INFORMATION PROVIDED:

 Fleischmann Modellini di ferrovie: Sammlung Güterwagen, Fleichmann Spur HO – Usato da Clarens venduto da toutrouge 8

--

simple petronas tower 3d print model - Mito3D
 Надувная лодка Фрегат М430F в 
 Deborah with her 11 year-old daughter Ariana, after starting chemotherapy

WHAT IS BEING ASKED: Would you retype exactly the lines above, from the line with "simple petronas tower 3d print model - Mito3D" to the line with "Deborah with her", with both end lines kept and nothing more?

SOLUTION BELOW:
simple petronas tower 3d print model - Mito3D
 Надувная лодка Фрегат М430F в 
 Deborah with her 11 year-old daughter Ariana, after starting chemotherapy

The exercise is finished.